Judging the Law Rightly

“Jesus said to them, “I did one miracle, and you are all astonished. Yet, because Moses gave you circumcision (though actually it did not come from Moses, but from the patriarchs), you circumcise a child on the Sabbath. Now if a child can be circumcised on the Sabbath so that the law of Moses may not be broken, why are you angry with me for healing the whole man on the Sabbath? Stop judging by mere appearances, and make a right judgment.””
(John 7:21-24 NIV)

More and more I am seeing that Jesus just does things differently than we have thought things should be. I am reminded of Isaiah 58, where God says “Is this the kind of fast I have chosen, only a day for a man to humble himself? Is it only for bowing one’s head like a reed and for lying on sackcloth and ashes? Is that what you call a fast, a day acceptable to the LORD?” (Is 58:5 NIV)
By the warping of the Law, fasting became fasting for the sake of fasting, and it was just about not eating.

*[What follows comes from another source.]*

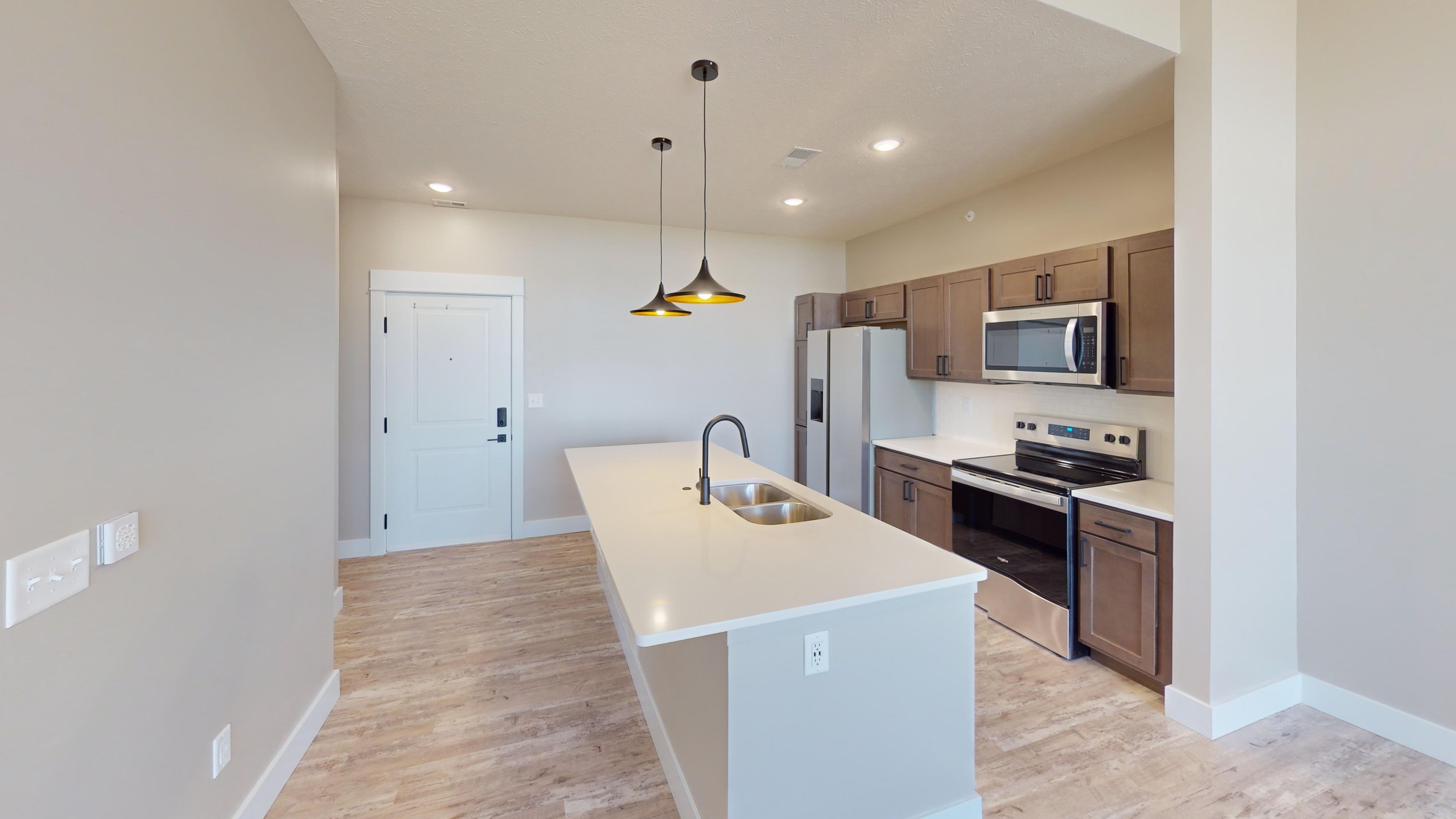 Modern kitchen with island, stainless steel appliances, wood cabinets, pendant lighting, and hardwood flooring.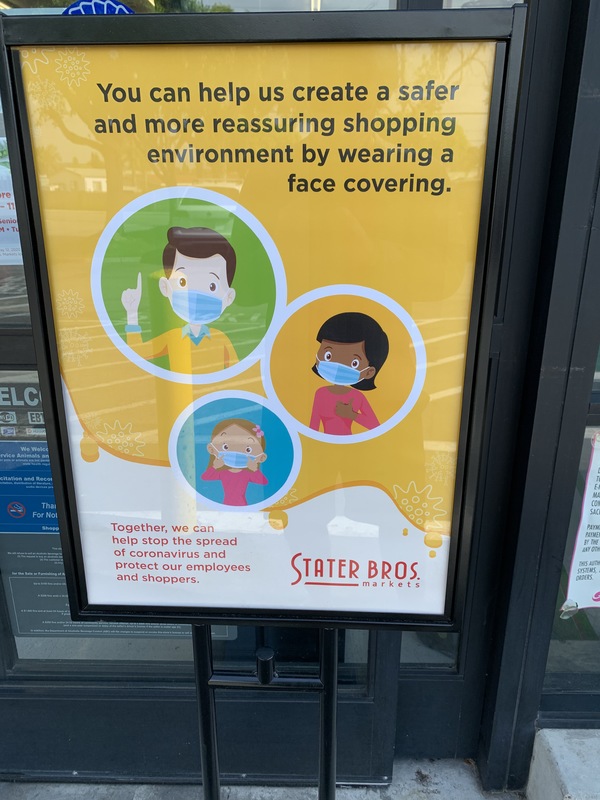 Image of a mall sign that says you can help us create a safer and more reassuring shopping environment by wearing a face covering.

The Sabbath became a day when you COULDN’T do this and that, instead of a day of resting and reflecting and looking at all the things God had done in the past week and allowing Him to be the focal point and One and Only Achiever for that day.
I almost want to go back and start reading in Exodus and Leviticus, and look at every law from the perspective of God wanting to do something or show Himself through that Law. One day and the Donut Bank a guy quizzed me when I walk talking about the Babylonian exile.
“Why did God haul all of those people off?”
“Because they had turned away from God.”
“What was the main way they did that?” He asked me with a look on his face like he knew the answer and was just testing me.
“Be…cause they did not give the land a Sabbath rest every seven years. God exiled them and the land had 70 years of Sabbath rest.”
“Well why does God care so much about land?! I thought he cared about people and not land resting?”
I had to think for a minute, and he sat there and didn’t break the silence, and none of my Bible study buddies chimed in b/c I think they were afraid of getting the interrogation next! Then I thought of the answer, “Because God wanted them to know that He would provide for them if they followed His ways. It wasn’t about the land getting a break, it was about the people seeing that God would provide for them on that 7th year when they did not plant or harvest.”

That answer must have been the one he was looking for, because he laughed and we all went back to talking about God in a more conversational and less quiz way.

That conversation and this section where Jesus is telling the Pharisees to judge rightly about healings taking precedence over the Sabbath makes me want to investigate these laws. The Father did not give these laws in the same spirit that people put the ten commandments up at a courthouse, He gave them to be a magnet to Himself.

When a student of a rabbi got something in his teaching wrong, the rabbi would shout at him and tell him he had abolished the entire law by getting that one point wrong. Whenever the student got one thing right, just one little slice of understanding of the law, the rabbi would commend him and tell him that he had just fulfilled the whole law, just by getting that one thing right. (they were seriously into hyperbole)

The Law was given to draw people to God. After a sufficient time of scrambling that Law into a horrible system, God sent Jesus to fulfill the task of drawing people to God. He fulfilled the Law by showing us the intent of the Law.